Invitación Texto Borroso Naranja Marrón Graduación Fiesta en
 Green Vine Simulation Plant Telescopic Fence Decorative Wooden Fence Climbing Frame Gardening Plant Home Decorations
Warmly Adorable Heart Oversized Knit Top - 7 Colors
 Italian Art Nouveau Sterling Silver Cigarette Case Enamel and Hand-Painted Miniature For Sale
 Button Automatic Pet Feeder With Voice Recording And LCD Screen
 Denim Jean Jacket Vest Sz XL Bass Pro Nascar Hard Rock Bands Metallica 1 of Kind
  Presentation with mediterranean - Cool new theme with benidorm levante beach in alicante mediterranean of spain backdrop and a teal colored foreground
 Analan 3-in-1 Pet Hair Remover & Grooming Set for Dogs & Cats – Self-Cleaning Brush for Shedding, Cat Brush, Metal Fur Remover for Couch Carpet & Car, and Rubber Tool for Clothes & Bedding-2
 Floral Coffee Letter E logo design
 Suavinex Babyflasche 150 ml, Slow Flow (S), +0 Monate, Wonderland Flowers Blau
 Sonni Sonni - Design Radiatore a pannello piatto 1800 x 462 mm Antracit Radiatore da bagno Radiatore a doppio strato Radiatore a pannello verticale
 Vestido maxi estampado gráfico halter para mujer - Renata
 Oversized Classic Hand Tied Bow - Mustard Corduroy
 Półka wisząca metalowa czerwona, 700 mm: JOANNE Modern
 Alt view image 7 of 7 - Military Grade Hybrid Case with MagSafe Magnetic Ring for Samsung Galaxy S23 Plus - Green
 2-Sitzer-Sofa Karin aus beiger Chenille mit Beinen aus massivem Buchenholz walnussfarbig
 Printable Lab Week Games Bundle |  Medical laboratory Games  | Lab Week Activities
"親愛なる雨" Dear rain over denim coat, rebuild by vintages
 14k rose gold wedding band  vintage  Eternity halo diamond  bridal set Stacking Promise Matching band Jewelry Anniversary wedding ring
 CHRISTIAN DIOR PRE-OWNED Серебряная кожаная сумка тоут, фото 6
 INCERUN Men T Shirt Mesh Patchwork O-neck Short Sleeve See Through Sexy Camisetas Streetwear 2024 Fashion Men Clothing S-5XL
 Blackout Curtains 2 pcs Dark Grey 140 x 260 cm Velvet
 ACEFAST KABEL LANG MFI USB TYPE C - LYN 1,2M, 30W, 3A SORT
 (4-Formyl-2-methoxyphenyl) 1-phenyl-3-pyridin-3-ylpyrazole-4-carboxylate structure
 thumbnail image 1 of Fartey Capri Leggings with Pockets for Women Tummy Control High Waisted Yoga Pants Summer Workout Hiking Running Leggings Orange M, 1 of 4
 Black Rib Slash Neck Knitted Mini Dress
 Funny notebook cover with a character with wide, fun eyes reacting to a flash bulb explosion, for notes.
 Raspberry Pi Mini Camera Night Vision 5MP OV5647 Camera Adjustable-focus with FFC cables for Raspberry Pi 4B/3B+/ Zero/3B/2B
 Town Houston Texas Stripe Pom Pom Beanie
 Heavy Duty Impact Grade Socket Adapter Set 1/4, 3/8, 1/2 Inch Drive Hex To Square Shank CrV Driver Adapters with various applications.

WHAT YOU NEED TO DO: The data above must be reproduced in full, exactly as given.

RESPONSE:
Invitación Texto Borroso Naranja Marrón Graduación Fiesta en
 Green Vine Simulation Plant Telescopic Fence Decorative Wooden Fence Climbing Frame Gardening Plant Home Decorations
Warmly Adorable Heart Oversized Knit Top - 7 Colors
 Italian Art Nouveau Sterling Silver Cigarette Case Enamel and Hand-Painted Miniature For Sale
 Button Automatic Pet Feeder With Voice Recording And LCD Screen
 Denim Jean Jacket Vest Sz XL Bass Pro Nascar Hard Rock Bands Metallica 1 of Kind
  Presentation with mediterranean - Cool new theme with benidorm levante beach in alicante mediterranean of spain backdrop and a teal colored foreground
 Analan 3-in-1 Pet Hair Remover & Grooming Set for Dogs & Cats – Self-Cleaning Brush for Shedding, Cat Brush, Metal Fur Remover for Couch Carpet & Car, and Rubber Tool for Clothes & Bedding-2
 Floral Coffee Letter E logo design
 Suavinex Babyflasche 150 ml, Slow Flow (S), +0 Monate, Wonderland Flowers Blau
 Sonni Sonni - Design Radiatore a pannello piatto 1800 x 462 mm Antracit Radiatore da bagno Radiatore a doppio strato Radiatore a pannello verticale
 Vestido maxi estampado gráfico halter para mujer - Renata
 Oversized Classic Hand Tied Bow - Mustard Corduroy
 Półka wisząca metalowa czerwona, 700 mm: JOANNE Modern
 Alt view image 7 of 7 - Military Grade Hybrid Case with MagSafe Magnetic Ring for Samsung Galaxy S23 Plus - Green
 2-Sitzer-Sofa Karin aus beiger Chenille mit Beinen aus massivem Buchenholz walnussfarbig
 Printable Lab Week Games Bundle |  Medical laboratory Games  | Lab Week Activities
"親愛なる雨" Dear rain over denim coat, rebuild by vintages
 14k rose gold wedding band  vintage  Eternity halo diamond  bridal set Stacking Promise Matching band Jewelry Anniversary wedding ring
 CHRISTIAN DIOR PRE-OWNED Серебряная кожаная сумка тоут, фото 6
 INCERUN Men T Shirt Mesh Patchwork O-neck Short Sleeve See Through Sexy Camisetas Streetwear 2024 Fashion Men Clothing S-5XL
 Blackout Curtains 2 pcs Dark Grey 140 x 260 cm Velvet
 ACEFAST KABEL LANG MFI USB TYPE C - LYN 1,2M, 30W, 3A SORT
 (4-Formyl-2-methoxyphenyl) 1-phenyl-3-pyridin-3-ylpyrazole-4-carboxylate structure
 thumbnail image 1 of Fartey Capri Leggings with Pockets for Women Tummy Control High Waisted Yoga Pants Summer Workout Hiking Running Leggings Orange M, 1 of 4
 Black Rib Slash Neck Knitted Mini Dress
 Funny notebook cover with a character with wide, fun eyes reacting to a flash bulb explosion, for notes.
 Raspberry Pi Mini Camera Night Vision 5MP OV5647 Camera Adjustable-focus with FFC cables for Raspberry Pi 4B/3B+/ Zero/3B/2B
 Town Houston Texas Stripe Pom Pom Beanie
 Heavy Duty Impact Grade Socket Adapter Set 1/4, 3/8, 1/2 Inch Drive Hex To Square Shank CrV Driver Adapters with various applications.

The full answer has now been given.